A l’aide d’une forme qui rappelle certains manuels pédagogiques pour enfants, c’est une caricature biohardcore du progrès capitaliste et scientifique qui est à l’œuvre ici. D’ailleurs, les auteurs se désolidarisent totalement de la notion d’efficacité liée au progrès, lui préférant la glande : “La juste glande c’est arriver à exister juste dans l’axe du progrès planétaire cosmique inéluctable et évident : c’est l’évidence logique du vivant“. Le progrès existe, c’est un fait, mais il est possible de vivre à contre-courant. Alors “il ne reste plus qu’à plier les enjeux de la carapace technoscientifique à l’évidence de la juste glande biohardcore et le tour est joué”. Pas si difficile finalement.
Au-delà de l’humour criant et déformant du manuel, une vraie poésie s’y développe jouant autant avec les jargons technoscientifiques des start-ups qu’avec ceux des anticonformistes anarchistes. Dans le grand carnaval des images et des sens qui s’ébat sous l’explosion des couleurs et des combinaisons loufoques, des phrases – criantes de vérité – touchent juste. L’ “ensauvagement du monde“, tel qu’il est prôné ici, passe par une prise de conscience de l’absurde de la situation actuelle. Plus absurde que toutes les propositions déjantées des auteurs, même celle de tuner une décharge chimique pour y attirer des sanglochons sauvages et “foutre un beau bordel“. Et si les plans d’action de ce livre ne sont pas réellement applicables, que reste-t-il donc à faire ? “C’est quand même pas compliqué, il faut tout arrêter”.
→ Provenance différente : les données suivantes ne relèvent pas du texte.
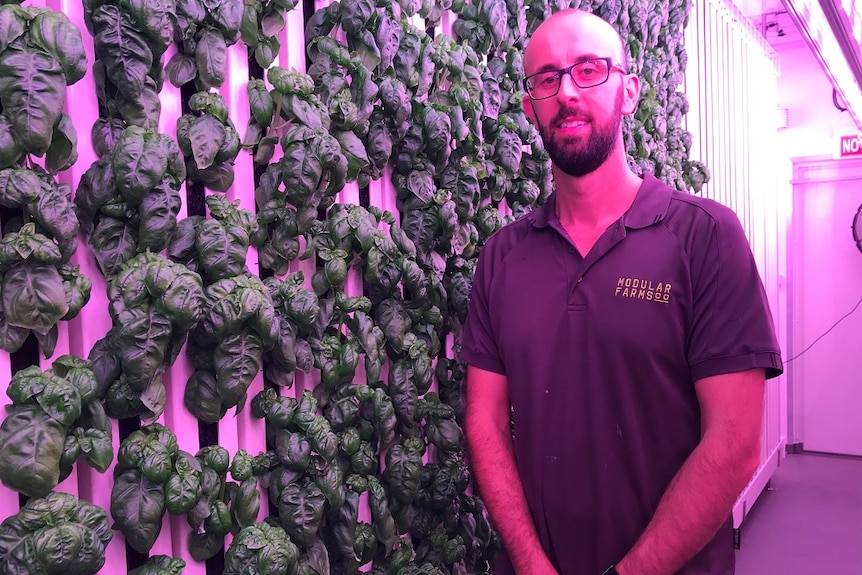 James Pateras standing in a containerised farm in front of a wall of basil.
Finalement, nous pensons que la quatrième de couverture résume parfaitement la lecture du manuel à l’étrange lucidité décalée : 1) De bonne humeur et désespéré, lire ce livre. 2) Chialer à jamais. 3) Faire un tas global avec la misère du monde local. 4) Disparaître. Rigoler.
Jusqu’au 19 septembre une exposition pour la sortie du Manuel de civilité biohardcore se tient dans le 11e arrondissement. Allez la voir ce dimanche.